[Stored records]
════════════════
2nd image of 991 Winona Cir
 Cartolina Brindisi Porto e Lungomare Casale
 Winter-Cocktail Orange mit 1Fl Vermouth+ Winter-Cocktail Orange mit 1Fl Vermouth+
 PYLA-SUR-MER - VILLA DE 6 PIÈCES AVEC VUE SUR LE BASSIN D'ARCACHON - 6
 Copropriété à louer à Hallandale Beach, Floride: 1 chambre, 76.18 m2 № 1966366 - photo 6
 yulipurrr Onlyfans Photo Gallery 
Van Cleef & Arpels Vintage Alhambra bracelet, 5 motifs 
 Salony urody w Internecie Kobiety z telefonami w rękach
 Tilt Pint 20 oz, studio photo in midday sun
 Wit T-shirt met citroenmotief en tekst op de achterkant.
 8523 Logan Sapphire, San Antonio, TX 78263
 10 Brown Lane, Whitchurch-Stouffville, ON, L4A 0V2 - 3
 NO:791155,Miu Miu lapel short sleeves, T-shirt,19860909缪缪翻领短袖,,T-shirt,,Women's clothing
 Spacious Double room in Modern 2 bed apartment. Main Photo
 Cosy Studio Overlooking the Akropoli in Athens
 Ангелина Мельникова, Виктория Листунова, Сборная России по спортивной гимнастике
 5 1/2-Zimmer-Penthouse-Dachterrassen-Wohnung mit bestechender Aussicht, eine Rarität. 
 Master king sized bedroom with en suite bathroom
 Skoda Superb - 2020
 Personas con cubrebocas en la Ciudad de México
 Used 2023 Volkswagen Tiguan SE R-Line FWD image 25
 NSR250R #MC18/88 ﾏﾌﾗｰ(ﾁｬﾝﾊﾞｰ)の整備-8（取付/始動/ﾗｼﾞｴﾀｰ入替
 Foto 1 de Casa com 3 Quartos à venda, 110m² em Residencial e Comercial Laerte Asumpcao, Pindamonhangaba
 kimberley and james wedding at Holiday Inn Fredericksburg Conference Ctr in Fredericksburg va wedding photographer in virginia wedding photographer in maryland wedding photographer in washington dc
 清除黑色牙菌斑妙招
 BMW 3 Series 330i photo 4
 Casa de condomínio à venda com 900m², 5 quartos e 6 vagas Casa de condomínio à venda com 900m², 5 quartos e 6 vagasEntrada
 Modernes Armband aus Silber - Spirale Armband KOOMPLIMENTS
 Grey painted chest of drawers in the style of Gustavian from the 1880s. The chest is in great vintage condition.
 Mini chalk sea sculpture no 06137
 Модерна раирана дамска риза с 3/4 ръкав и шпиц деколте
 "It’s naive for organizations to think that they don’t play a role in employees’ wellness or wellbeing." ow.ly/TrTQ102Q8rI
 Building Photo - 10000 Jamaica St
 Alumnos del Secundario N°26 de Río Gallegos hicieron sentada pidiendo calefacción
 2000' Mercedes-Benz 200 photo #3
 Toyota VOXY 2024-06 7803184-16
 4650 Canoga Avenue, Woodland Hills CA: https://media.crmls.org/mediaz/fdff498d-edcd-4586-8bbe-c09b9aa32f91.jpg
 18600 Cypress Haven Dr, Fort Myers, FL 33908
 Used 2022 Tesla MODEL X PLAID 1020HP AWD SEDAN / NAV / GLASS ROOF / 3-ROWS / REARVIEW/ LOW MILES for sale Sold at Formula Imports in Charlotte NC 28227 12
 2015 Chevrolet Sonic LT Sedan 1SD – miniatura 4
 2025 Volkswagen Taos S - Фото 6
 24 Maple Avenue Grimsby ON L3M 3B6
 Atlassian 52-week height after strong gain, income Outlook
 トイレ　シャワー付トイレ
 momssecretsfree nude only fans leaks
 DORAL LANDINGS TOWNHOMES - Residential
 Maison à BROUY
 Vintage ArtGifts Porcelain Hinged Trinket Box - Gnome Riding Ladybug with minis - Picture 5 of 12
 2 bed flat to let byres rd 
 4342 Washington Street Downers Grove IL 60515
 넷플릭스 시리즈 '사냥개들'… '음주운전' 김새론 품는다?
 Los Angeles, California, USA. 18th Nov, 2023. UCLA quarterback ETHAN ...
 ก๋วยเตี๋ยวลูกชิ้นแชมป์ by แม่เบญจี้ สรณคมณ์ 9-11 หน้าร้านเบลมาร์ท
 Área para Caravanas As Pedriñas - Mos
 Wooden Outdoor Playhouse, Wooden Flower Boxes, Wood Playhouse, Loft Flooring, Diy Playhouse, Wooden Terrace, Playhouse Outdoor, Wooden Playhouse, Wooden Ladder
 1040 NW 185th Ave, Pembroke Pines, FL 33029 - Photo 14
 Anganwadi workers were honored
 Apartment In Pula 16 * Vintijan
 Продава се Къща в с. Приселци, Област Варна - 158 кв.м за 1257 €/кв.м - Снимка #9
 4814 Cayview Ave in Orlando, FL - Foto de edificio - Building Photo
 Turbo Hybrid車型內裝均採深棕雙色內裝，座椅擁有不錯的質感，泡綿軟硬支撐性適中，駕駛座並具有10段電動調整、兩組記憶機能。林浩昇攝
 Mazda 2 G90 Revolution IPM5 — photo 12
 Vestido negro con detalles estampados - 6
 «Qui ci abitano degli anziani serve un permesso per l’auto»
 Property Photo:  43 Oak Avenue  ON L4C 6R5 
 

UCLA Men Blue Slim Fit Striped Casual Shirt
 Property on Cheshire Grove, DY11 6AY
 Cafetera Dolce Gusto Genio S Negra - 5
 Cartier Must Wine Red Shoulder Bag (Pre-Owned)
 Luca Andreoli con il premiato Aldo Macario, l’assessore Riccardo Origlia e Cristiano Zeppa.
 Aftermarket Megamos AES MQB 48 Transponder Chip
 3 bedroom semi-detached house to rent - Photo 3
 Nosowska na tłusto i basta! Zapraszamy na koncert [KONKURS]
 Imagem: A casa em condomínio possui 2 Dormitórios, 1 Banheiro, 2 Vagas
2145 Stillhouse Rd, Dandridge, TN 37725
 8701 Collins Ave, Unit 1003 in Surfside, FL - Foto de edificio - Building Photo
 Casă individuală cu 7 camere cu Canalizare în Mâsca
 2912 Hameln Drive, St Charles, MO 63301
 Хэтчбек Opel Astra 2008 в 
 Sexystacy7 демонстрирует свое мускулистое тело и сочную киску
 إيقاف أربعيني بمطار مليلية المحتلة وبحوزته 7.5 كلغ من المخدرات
════════════════
## WHAT THE EXERCISE ASKS
Would you copy out each record precisely as it stands?

## ANSWER TO THE PROBLEM
2nd image of 991 Winona Cir
 Cartolina Brindisi Porto e Lungomare Casale
 Winter-Cocktail Orange mit 1Fl Vermouth+ Winter-Cocktail Orange mit 1Fl Vermouth+
 PYLA-SUR-MER - VILLA DE 6 PIÈCES AVEC VUE SUR LE BASSIN D'ARCACHON - 6
 Copropriété à louer à Hallandale Beach, Floride: 1 chambre, 76.18 m2 № 1966366 - photo 6
 yulipurrr Onlyfans Photo Gallery 
Van Cleef & Arpels Vintage Alhambra bracelet, 5 motifs 
 Salony urody w Internecie Kobiety z telefonami w rękach
 Tilt Pint 20 oz, studio photo in midday sun
 Wit T-shirt met citroenmotief en tekst op de achterkant.
 8523 Logan Sapphire, San Antonio, TX 78263
 10 Brown Lane, Whitchurch-Stouffville, ON, L4A 0V2 - 3
 NO:791155,Miu Miu lapel short sleeves, T-shirt,19860909缪缪翻领短袖,,T-shirt,,Women's clothing
 Spacious Double room in Modern 2 bed apartment. Main Photo
 Cosy Studio Overlooking the Akropoli in Athens
 Ангелина Мельникова, Виктория Листунова, Сборная России по спортивной гимнастике
 5 1/2-Zimmer-Penthouse-Dachterrassen-Wohnung mit bestechender Aussicht, eine Rarität. 
 Master king sized bedroom with en suite bathroom
 Skoda Superb - 2020
 Personas con cubrebocas en la Ciudad de México
 Used 2023 Volkswagen Tiguan SE R-Line FWD image 25
 NSR250R #MC18/88 ﾏﾌﾗｰ(ﾁｬﾝﾊﾞｰ)の整備-8（取付/始動/ﾗｼﾞｴﾀｰ入替
 Foto 1 de Casa com 3 Quartos à venda, 110m² em Residencial e Comercial Laerte Asumpcao, Pindamonhangaba
 kimberley and james wedding at Holiday Inn Fredericksburg Conference Ctr in Fredericksburg va wedding photographer in virginia wedding photographer in maryland wedding photographer in washington dc
 清除黑色牙菌斑妙招
 BMW 3 Series 330i photo 4
 Casa de condomínio à venda com 900m², 5 quartos e 6 vagas Casa de condomínio à venda com 900m², 5 quartos e 6 vagasEntrada
 Modernes Armband aus Silber - Spirale Armband KOOMPLIMENTS
 Grey painted chest of drawers in the style of Gustavian from the 1880s. The chest is in great vintage condition.
 Mini chalk sea sculpture no 06137
 Модерна раирана дамска риза с 3/4 ръкав и шпиц деколте
 "It’s naive for organizations to think that they don’t play a role in employees’ wellness or wellbeing." ow.ly/TrTQ102Q8rI
 Building Photo - 10000 Jamaica St
 Alumnos del Secundario N°26 de Río Gallegos hicieron sentada pidiendo calefacción
 2000' Mercedes-Benz 200 photo #3
 Toyota VOXY 2024-06 7803184-16
 4650 Canoga Avenue, Woodland Hills CA: https://media.crmls.org/mediaz/fdff498d-edcd-4586-8bbe-c09b9aa32f91.jpg
 18600 Cypress Haven Dr, Fort Myers, FL 33908
 Used 2022 Tesla MODEL X PLAID 1020HP AWD SEDAN / NAV / GLASS ROOF / 3-ROWS / REARVIEW/ LOW MILES for sale Sold at Formula Imports in Charlotte NC 28227 12
 2015 Chevrolet Sonic LT Sedan 1SD – miniatura 4
 2025 Volkswagen Taos S - Фото 6
 24 Maple Avenue Grimsby ON L3M 3B6
 Atlassian 52-week height after strong gain, income Outlook
 トイレ　シャワー付トイレ
 momssecretsfree nude only fans leaks
 DORAL LANDINGS TOWNHOMES - Residential
 Maison à BROUY
 Vintage ArtGifts Porcelain Hinged Trinket Box - Gnome Riding Ladybug with minis - Picture 5 of 12
 2 bed flat to let byres rd 
 4342 Washington Street Downers Grove IL 60515
 넷플릭스 시리즈 '사냥개들'… '음주운전' 김새론 품는다?
 Los Angeles, California, USA. 18th Nov, 2023. UCLA quarterback ETHAN ...
 ก๋วยเตี๋ยวลูกชิ้นแชมป์ by แม่เบญจี้ สรณคมณ์ 9-11 หน้าร้านเบลมาร์ท
 Área para Caravanas As Pedriñas - Mos
 Wooden Outdoor Playhouse, Wooden Flower Boxes, Wood Playhouse, Loft Flooring, Diy Playhouse, Wooden Terrace, Playhouse Outdoor, Wooden Playhouse, Wooden Ladder
 1040 NW 185th Ave, Pembroke Pines, FL 33029 - Photo 14
 Anganwadi workers were honored
 Apartment In Pula 16 * Vintijan
 Продава се Къща в с. Приселци, Област Варна - 158 кв.м за 1257 €/кв.м - Снимка #9
 4814 Cayview Ave in Orlando, FL - Foto de edificio - Building Photo
 Turbo Hybrid車型內裝均採深棕雙色內裝，座椅擁有不錯的質感，泡綿軟硬支撐性適中，駕駛座並具有10段電動調整、兩組記憶機能。林浩昇攝
 Mazda 2 G90 Revolution IPM5 — photo 12
 Vestido negro con detalles estampados - 6
 «Qui ci abitano degli anziani serve un permesso per l’auto»
 Property Photo:  43 Oak Avenue  ON L4C 6R5 
 

UCLA Men Blue Slim Fit Striped Casual Shirt
 Property on Cheshire Grove, DY11 6AY
 Cafetera Dolce Gusto Genio S Negra - 5
 Cartier Must Wine Red Shoulder Bag (Pre-Owned)
 Luca Andreoli con il premiato Aldo Macario, l’assessore Riccardo Origlia e Cristiano Zeppa.
 Aftermarket Megamos AES MQB 48 Transponder Chip
 3 bedroom semi-detached house to rent - Photo 3
 Nosowska na tłusto i basta! Zapraszamy na koncert [KONKURS]
 Imagem: A casa em condomínio possui 2 Dormitórios, 1 Banheiro, 2 Vagas
2145 Stillhouse Rd, Dandridge, TN 37725
 8701 Collins Ave, Unit 1003 in Surfside, FL - Foto de edificio - Building Photo
 Casă individuală cu 7 camere cu Canalizare în Mâsca
 2912 Hameln Drive, St Charles, MO 63301
 Хэтчбек Opel Astra 2008 в 
 Sexystacy7 демонстрирует свое мускулистое тело и сочную киску
 إيقاف أربعيني بمطار مليلية المحتلة وبحوزته 7.5 كلغ من المخدرات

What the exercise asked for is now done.